Although each organization has different requirements when utilizing a crate engine program, most follow similar procedures. Most will require that a seal be placed on the motor either by the organization or the builder. The engines will need to go back to the builder or other authorized location for repair or rebuild. Remember to check with each organization for their requirements.
As a shop owner, you have several alternatives for developing a crate engine program. One, you can work with a promoter, sanctioning organization, or racetrack to develop an in-house crate engine for each particular group, or, you can become an authorized reseller/rebuilder for engine suppliers that do have a program.
Regardless of what approach you take, keep in mind that if you will be working with an organization to develop a crate engine program, don’t expect it to happen overnight. Racers must also be sold on the program and its benefits. They will also need time to use up those expensive custom engines they may already have, so a phase-in period will likely be required.

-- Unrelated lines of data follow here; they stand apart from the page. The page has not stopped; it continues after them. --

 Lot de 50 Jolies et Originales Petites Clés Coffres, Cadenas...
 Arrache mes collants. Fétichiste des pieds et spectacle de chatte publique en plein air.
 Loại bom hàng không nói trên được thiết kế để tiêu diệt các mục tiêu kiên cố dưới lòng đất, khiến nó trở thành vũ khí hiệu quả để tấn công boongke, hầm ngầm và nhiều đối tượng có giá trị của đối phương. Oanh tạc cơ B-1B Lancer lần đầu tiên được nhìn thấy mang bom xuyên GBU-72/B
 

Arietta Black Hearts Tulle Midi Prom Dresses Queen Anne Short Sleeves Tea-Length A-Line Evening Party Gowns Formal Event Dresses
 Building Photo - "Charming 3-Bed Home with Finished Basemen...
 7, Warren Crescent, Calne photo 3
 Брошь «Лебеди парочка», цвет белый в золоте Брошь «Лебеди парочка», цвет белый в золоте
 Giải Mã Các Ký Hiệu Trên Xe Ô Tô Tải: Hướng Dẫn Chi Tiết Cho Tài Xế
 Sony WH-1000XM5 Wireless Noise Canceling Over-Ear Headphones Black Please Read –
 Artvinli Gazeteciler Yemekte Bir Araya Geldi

While some builders may be against the idea of a crate engine, because they currently build custom engines and feel it will take business away, remember, if you currently build custom high performance engines, they aren’t really all that far from a crate engine. For instance, if you build sprint car engines, you don’t build each one different do you? Of course not!
Whether you currently build sprint car or late model motors, chances are that each engine out of your shop is pretty similar, with each customer getting the best you can offer. It sure wouldn’t go over very well if each racer got something different would it? You’ll lose customers if they think someone is getting something better than they are.
You don’t have to be working at the top of NASCAR or the IRL, and you don’t have to be building full blown race motors for some of the more elite divisions like Sprint Cars or ARCA stockcars to be successful in the performance market. In fact, why limit yourself to these much smaller markets?
The grassroots divisions of racing are the backbone of the performance market; they also have the most competitors. Think about it: if your local track has a weekly show with five divisions, that equates to 100 or more racers. Wouldn’t you like a piece of that action?